_REQUIRED WORK_.
From the entries below, please output exactly the lines starting at the one containing "White and navy" and ending at the one containing "The Disney Traditions", both included.

_RECORDS FOR THE EXERCISE_.
____________________
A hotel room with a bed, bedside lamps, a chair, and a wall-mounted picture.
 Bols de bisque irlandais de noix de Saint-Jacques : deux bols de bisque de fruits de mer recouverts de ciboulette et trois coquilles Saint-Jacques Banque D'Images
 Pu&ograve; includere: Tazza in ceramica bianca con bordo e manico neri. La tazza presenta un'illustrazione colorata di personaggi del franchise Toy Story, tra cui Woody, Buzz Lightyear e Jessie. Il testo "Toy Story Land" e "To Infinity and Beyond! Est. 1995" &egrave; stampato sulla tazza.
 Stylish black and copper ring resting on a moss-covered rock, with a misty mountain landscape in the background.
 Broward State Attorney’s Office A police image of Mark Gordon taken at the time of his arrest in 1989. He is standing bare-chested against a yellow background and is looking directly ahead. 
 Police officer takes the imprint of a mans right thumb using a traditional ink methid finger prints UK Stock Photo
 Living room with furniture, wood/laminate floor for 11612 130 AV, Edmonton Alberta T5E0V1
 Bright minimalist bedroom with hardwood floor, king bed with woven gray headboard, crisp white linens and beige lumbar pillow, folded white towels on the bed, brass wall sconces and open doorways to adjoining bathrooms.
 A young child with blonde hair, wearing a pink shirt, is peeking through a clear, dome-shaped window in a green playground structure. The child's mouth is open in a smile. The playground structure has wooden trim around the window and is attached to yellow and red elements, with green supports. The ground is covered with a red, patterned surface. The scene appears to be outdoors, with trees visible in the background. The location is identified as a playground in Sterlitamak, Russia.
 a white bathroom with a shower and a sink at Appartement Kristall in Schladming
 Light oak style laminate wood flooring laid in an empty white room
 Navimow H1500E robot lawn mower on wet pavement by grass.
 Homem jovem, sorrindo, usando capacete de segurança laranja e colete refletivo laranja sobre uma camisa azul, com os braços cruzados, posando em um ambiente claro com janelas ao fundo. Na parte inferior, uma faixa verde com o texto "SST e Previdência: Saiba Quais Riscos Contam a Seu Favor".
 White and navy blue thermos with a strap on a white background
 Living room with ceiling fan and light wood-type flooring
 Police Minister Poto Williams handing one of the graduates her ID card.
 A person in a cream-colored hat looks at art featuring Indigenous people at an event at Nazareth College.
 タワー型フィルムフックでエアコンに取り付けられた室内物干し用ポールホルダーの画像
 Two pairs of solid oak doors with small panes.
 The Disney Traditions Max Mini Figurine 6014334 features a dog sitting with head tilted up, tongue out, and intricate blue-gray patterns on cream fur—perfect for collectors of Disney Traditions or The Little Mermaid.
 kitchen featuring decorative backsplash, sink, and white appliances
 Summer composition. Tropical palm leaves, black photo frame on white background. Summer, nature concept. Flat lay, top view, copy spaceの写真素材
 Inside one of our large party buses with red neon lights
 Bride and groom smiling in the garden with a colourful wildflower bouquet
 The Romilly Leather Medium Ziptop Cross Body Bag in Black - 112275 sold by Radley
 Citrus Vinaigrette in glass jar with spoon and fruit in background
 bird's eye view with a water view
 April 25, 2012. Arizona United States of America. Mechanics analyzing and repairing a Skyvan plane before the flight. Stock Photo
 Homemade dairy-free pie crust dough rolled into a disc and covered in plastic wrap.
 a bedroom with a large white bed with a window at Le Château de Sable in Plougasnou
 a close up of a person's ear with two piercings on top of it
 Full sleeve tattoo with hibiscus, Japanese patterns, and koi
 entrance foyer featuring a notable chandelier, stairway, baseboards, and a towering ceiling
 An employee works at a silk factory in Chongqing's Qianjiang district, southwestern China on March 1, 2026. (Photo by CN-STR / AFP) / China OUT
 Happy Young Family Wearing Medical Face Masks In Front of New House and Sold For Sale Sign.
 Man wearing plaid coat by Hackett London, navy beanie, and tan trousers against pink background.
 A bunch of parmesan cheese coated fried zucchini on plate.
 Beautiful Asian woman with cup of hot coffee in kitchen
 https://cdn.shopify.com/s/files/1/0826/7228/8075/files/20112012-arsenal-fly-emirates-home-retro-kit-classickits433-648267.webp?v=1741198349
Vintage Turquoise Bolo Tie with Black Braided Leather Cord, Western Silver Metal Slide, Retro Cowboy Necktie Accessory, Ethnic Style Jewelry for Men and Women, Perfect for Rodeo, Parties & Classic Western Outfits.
____________________
_EXERCISE RESPONSE_.
 White and navy blue thermos with a strap on a white background
 Living room with ceiling fan and light wood-type flooring
 Police Minister Poto Williams handing one of the graduates her ID card.
 A person in a cream-colored hat looks at art featuring Indigenous people at an event at Nazareth College.
 タワー型フィルムフックでエアコンに取り付けられた室内物干し用ポールホルダーの画像
 Two pairs of solid oak doors with small panes.
 The Disney Traditions Max Mini Figurine 6014334 features a dog sitting with head tilted up, tongue out, and intricate blue-gray patterns on cream fur—perfect for collectors of Disney Traditions or The Little Mermaid.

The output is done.